- [What is being asked]: Without including any pictures, reproduce the full listing exactly.

- [Task data]:
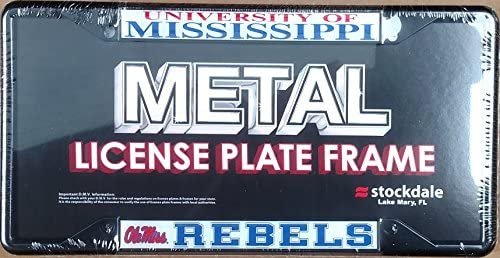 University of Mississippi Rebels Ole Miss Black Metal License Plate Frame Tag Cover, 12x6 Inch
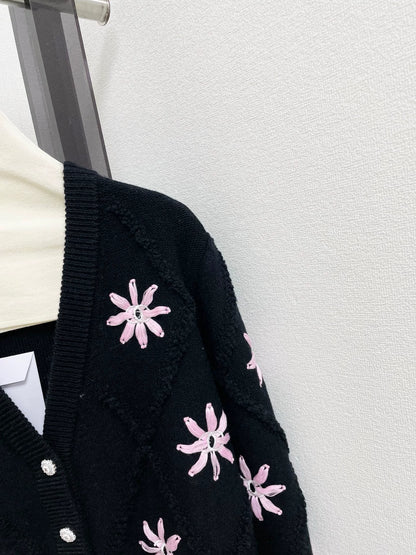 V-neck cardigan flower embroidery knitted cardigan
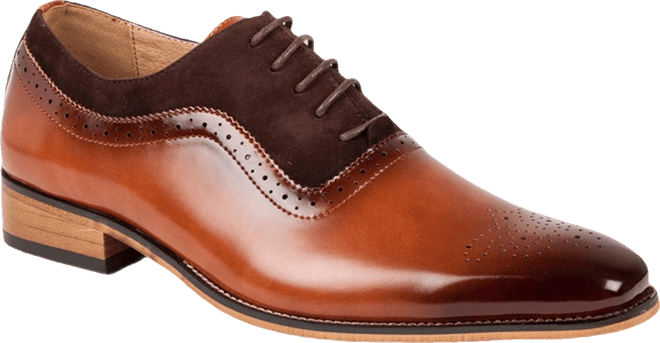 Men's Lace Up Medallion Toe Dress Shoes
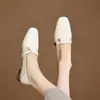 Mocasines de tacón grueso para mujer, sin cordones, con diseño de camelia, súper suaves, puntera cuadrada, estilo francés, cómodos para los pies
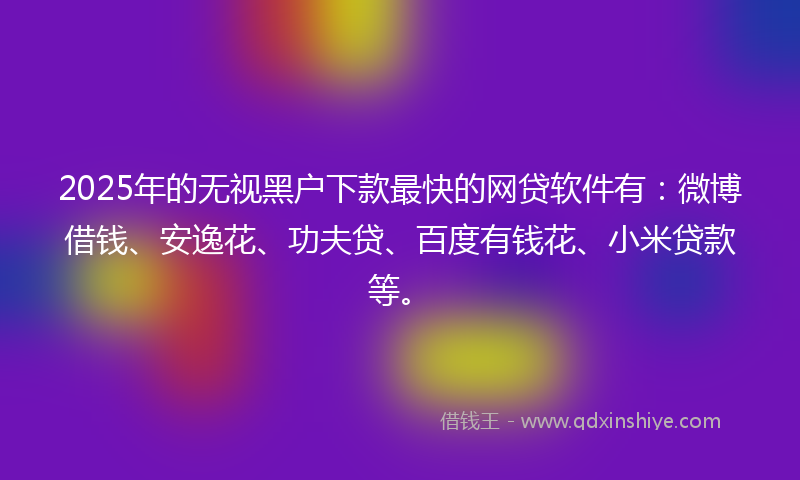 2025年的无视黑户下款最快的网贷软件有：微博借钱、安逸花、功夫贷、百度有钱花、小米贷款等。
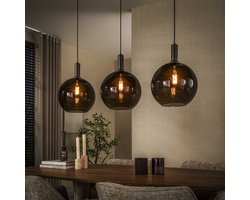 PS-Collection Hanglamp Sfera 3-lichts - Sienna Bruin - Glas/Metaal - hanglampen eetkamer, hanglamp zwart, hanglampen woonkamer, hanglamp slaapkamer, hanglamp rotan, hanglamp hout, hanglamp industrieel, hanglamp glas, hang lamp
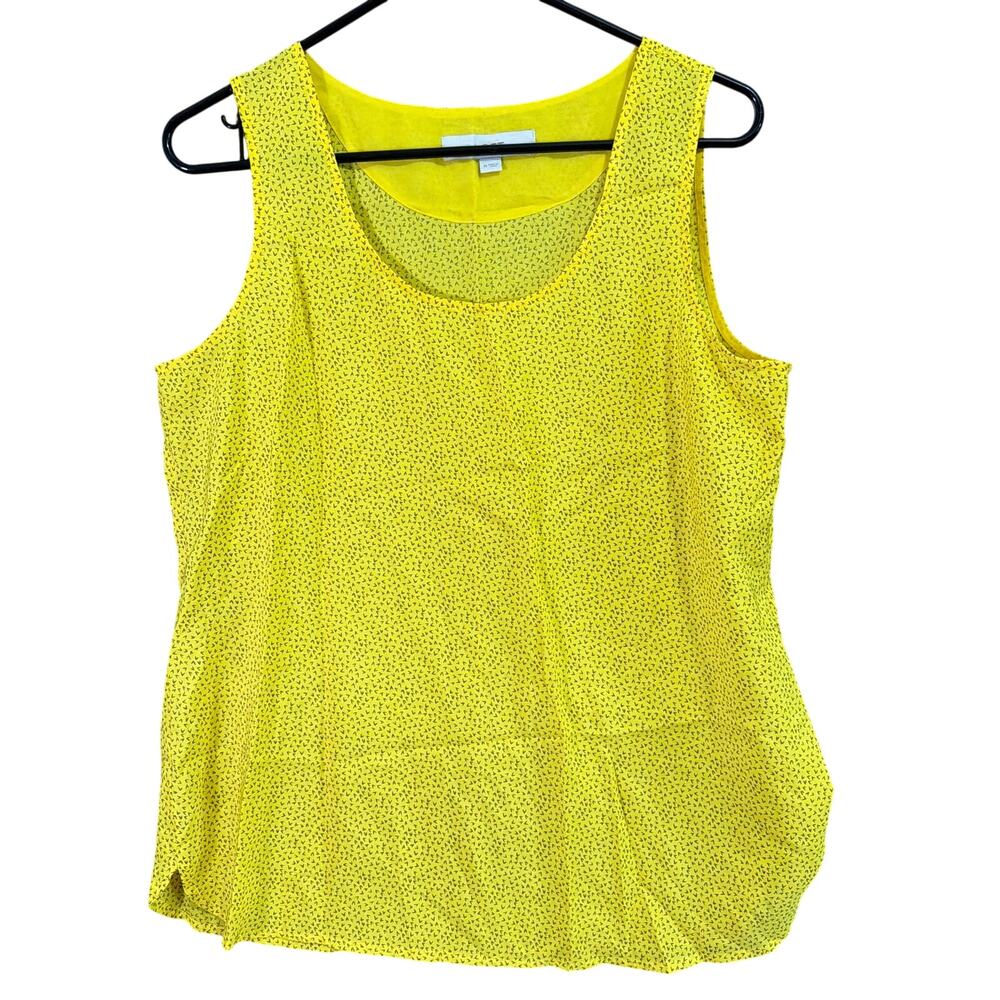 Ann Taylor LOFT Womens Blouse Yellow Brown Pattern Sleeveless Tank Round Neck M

- [Written response]:
 University of Mississippi Rebels Ole Miss Black Metal License Plate Frame Tag Cover, 12x6 Inch
 V-neck cardigan flower embroidery knitted cardigan
 Men's Lace Up Medallion Toe Dress Shoes
 Mocasines de tacón grueso para mujer, sin cordones, con diseño de camelia, súper suaves, puntera cuadrada, estilo francés, cómodos para los pies
 2025年的无视黑户下款最快的网贷软件有：微博借钱、安逸花、功夫贷、百度有钱花、小米贷款等。
 PS-Collection Hanglamp Sfera 3-lichts - Sienna Bruin - Glas/Metaal - hanglampen eetkamer, hanglamp zwart, hanglampen woonkamer, hanglamp slaapkamer, hanglamp rotan, hanglamp hout, hanglamp industrieel, hanglamp glas, hang lamp
 Ann Taylor LOFT Womens Blouse Yellow Brown Pattern Sleeveless Tank Round Neck M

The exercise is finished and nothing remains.